→ WORK REQUIRED:
Omit every picture, then give all the entries again exactly.

→ THE DATA:
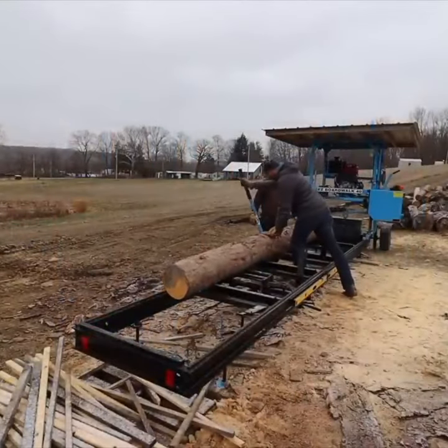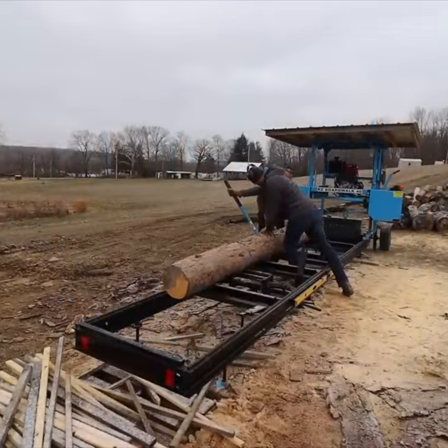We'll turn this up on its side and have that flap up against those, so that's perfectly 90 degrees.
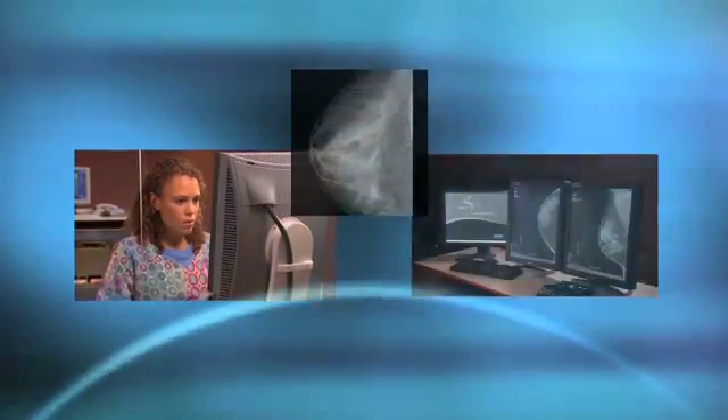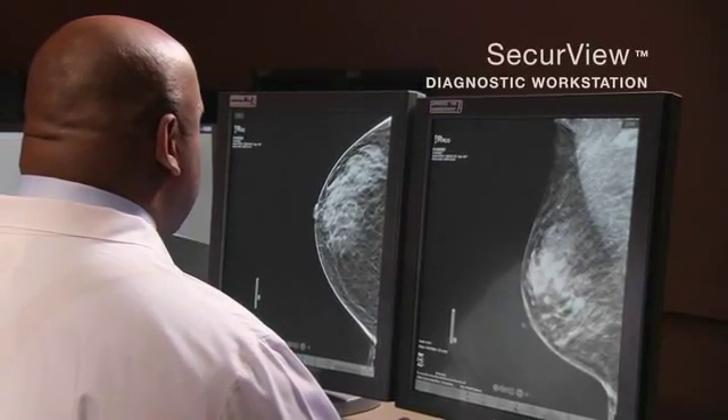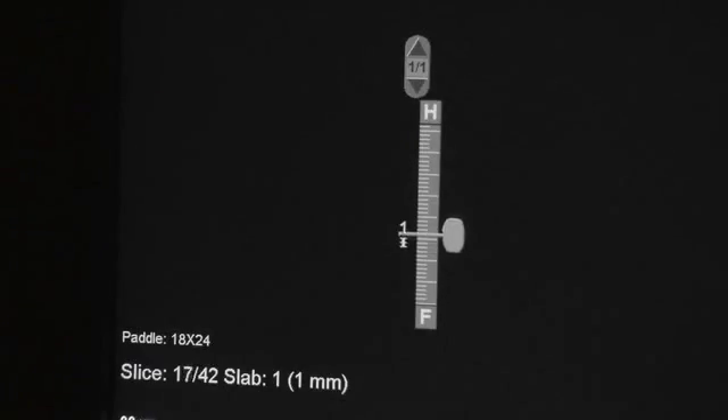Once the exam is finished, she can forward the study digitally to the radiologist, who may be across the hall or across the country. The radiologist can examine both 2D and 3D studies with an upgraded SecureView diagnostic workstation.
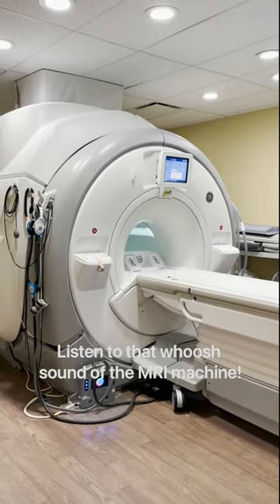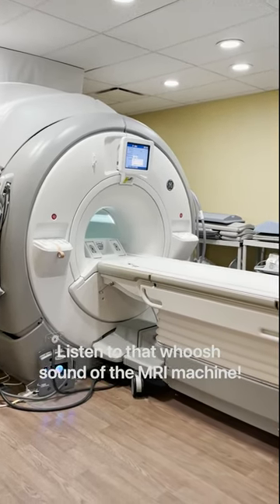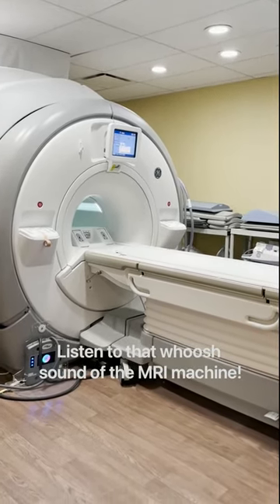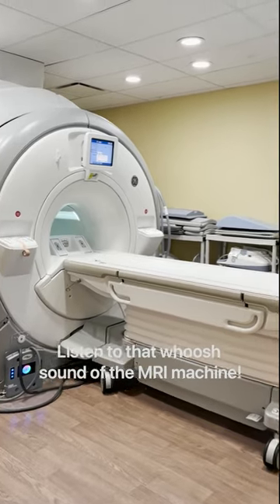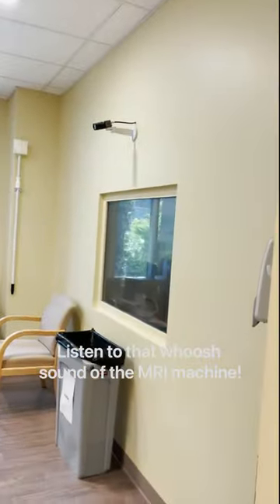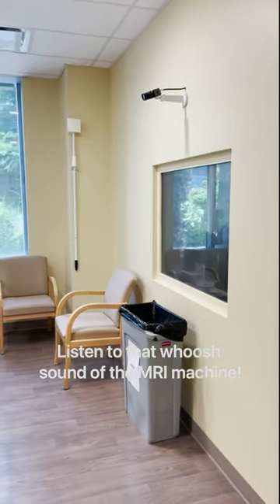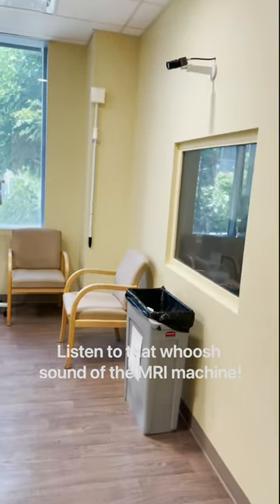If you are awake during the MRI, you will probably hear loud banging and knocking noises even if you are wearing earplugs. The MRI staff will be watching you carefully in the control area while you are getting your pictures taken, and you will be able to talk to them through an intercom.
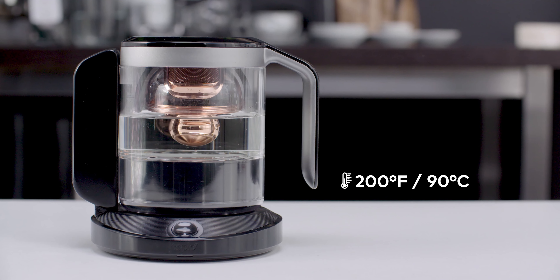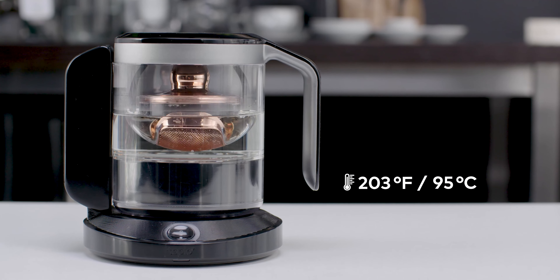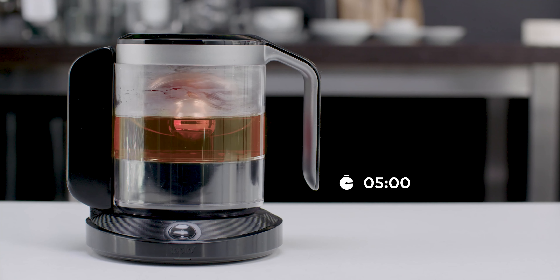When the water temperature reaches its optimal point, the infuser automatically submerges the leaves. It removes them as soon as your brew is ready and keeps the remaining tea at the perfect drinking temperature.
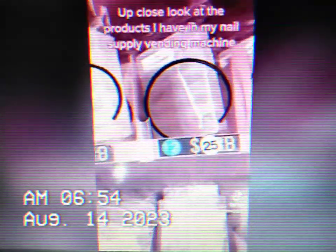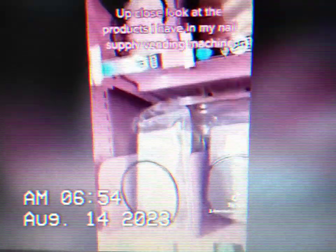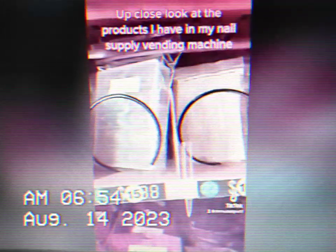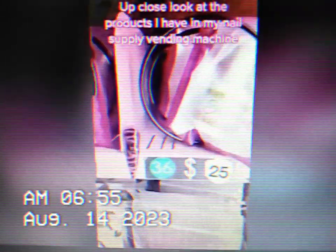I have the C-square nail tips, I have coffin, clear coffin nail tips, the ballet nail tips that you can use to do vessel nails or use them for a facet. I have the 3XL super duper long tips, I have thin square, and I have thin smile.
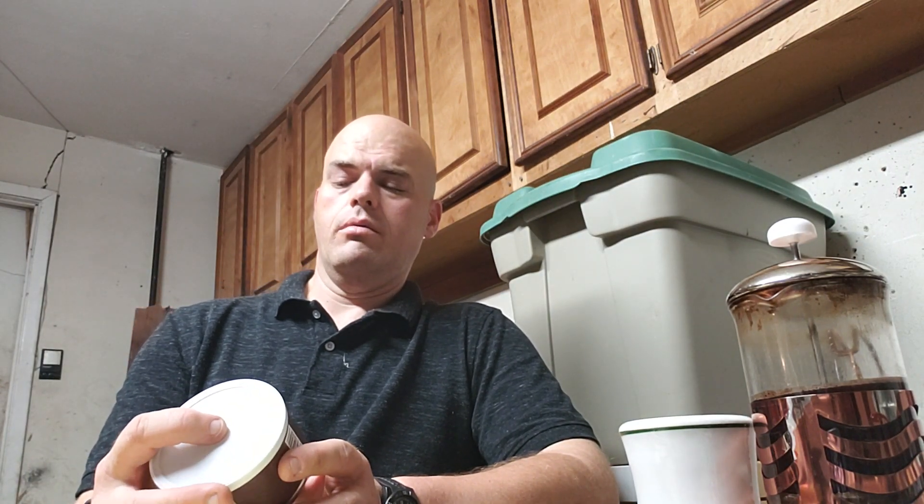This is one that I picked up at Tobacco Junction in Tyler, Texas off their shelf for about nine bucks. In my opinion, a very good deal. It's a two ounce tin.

→ OUTPUT BELOW:
We'll turn this up on its side and have that flap up against those, so that's perfectly 90 degrees.
Once the exam is finished, she can forward the study digitally to the radiologist, who may be across the hall or across the country. The radiologist can examine both 2D and 3D studies with an upgraded SecureView diagnostic workstation.
If you are awake during the MRI, you will probably hear loud banging and knocking noises even if you are wearing earplugs. The MRI staff will be watching you carefully in the control area while you are getting your pictures taken, and you will be able to talk to them through an intercom.
When the water temperature reaches its optimal point, the infuser automatically submerges the leaves. It removes them as soon as your brew is ready and keeps the remaining tea at the perfect drinking temperature.
I have the C-square nail tips, I have coffin, clear coffin nail tips, the ballet nail tips that you can use to do vessel nails or use them for a facet. I have the 3XL super duper long tips, I have thin square, and I have thin smile.
This is one that I picked up at Tobacco Junction in Tyler, Texas off their shelf for about nine bucks. In my opinion, a very good deal. It's a two ounce tin.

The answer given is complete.